_EXERCISE_
Beneath this instruction is a listing. Transcribe from it only the stretch from the line with "수곡낚시터 붕어조과 고르고" through the line with "American Quarter Horse", both end lines included, exactly as written.

'''

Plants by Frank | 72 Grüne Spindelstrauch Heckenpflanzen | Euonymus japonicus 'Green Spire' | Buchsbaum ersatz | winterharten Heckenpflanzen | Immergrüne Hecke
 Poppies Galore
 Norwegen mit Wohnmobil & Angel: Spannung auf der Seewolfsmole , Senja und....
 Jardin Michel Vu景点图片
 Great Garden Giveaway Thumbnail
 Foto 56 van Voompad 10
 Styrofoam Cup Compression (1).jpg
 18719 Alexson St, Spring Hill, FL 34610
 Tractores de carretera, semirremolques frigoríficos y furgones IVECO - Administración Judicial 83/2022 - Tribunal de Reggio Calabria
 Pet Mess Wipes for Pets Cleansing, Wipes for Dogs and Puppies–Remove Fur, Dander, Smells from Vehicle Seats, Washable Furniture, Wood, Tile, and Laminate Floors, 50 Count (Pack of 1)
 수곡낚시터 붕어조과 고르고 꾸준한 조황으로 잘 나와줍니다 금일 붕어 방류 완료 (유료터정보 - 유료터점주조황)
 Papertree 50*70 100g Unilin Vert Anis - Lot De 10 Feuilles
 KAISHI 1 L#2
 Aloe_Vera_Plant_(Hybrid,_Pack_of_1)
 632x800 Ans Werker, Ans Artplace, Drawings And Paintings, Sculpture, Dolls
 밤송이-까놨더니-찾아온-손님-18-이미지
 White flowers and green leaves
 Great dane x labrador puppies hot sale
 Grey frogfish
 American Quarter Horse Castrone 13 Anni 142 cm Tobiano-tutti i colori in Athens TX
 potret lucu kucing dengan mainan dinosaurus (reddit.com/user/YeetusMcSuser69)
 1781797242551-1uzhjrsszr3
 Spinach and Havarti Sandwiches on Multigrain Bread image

'''

_YOUR RESPONSE_
 수곡낚시터 붕어조과 고르고 꾸준한 조황으로 잘 나와줍니다 금일 붕어 방류 완료 (유료터정보 - 유료터점주조황)
 Papertree 50*70 100g Unilin Vert Anis - Lot De 10 Feuilles
 KAISHI 1 L#2
 Aloe_Vera_Plant_(Hybrid,_Pack_of_1)
 632x800 Ans Werker, Ans Artplace, Drawings And Paintings, Sculpture, Dolls
 밤송이-까놨더니-찾아온-손님-18-이미지
 White flowers and green leaves
 Great dane x labrador puppies hot sale
 Grey frogfish
 American Quarter Horse Castrone 13 Anni 142 cm Tobiano-tutti i colori in Athens TX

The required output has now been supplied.